■ **SOURCE MATERIAL**:

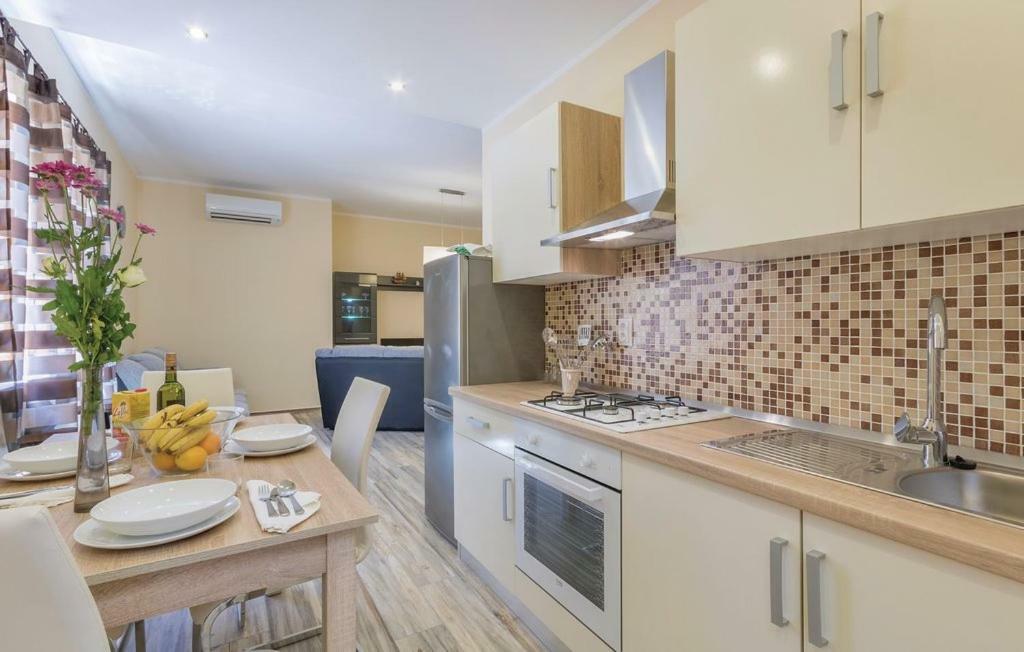 Apartments Klaudija พูลา ภายนอก รูปภาพ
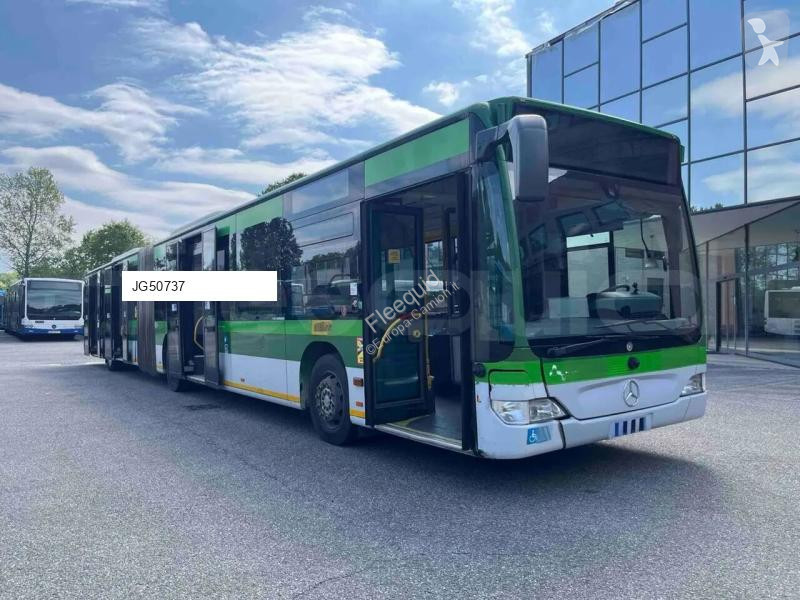 Autobuz Mercedes
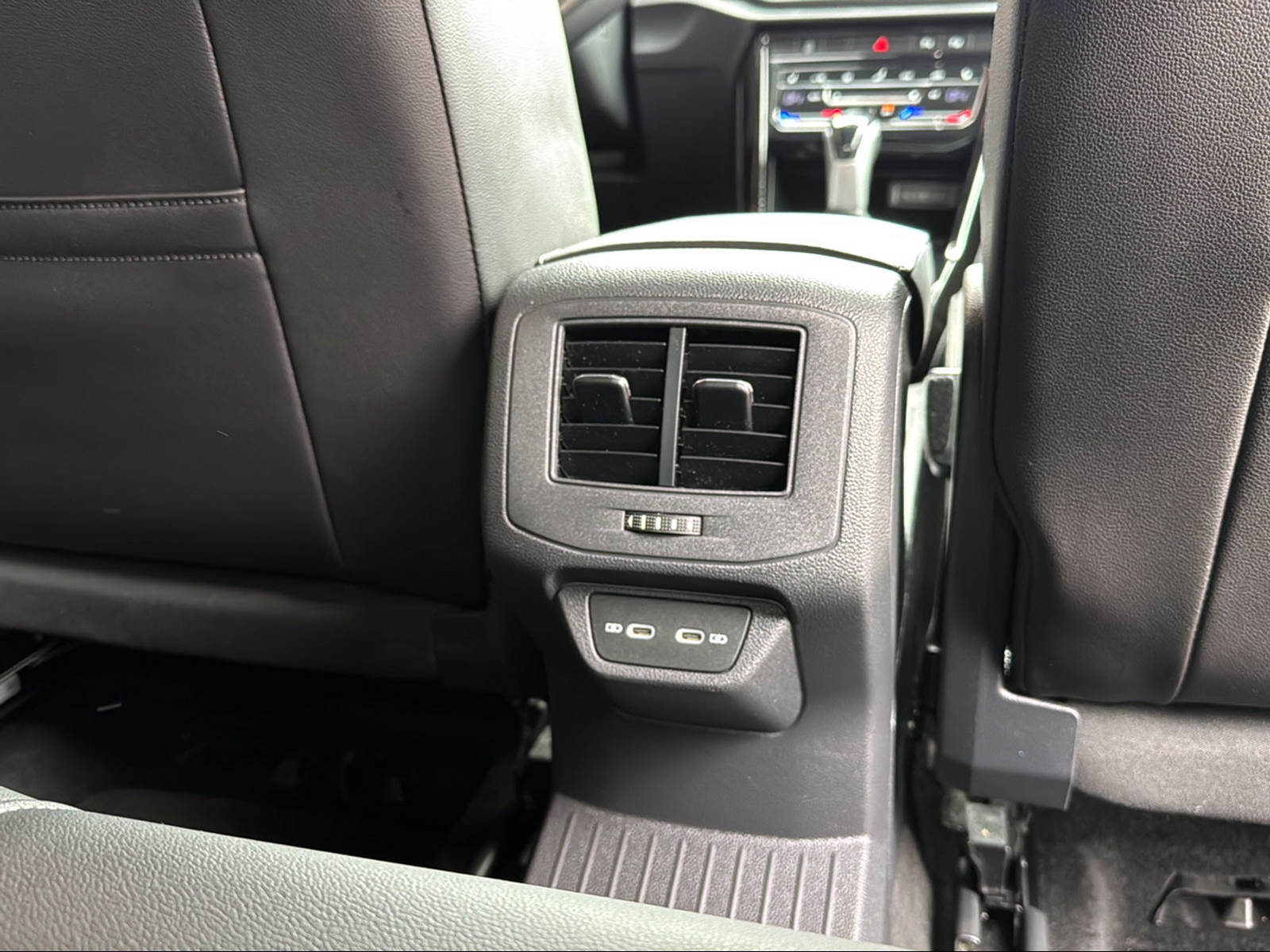 VW T-Roc 2.0 TSI R-Line DSG 4Motion-image-16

■ **ACTIVITY**: With the pictures left out, give again exactly the lines from the one with "Autobuz Mercedes" through the end of the data, both included.

■ **RESULT BELOW**:
 Autobuz Mercedes
 VW T-Roc 2.0 TSI R-Line DSG 4Motion-image-16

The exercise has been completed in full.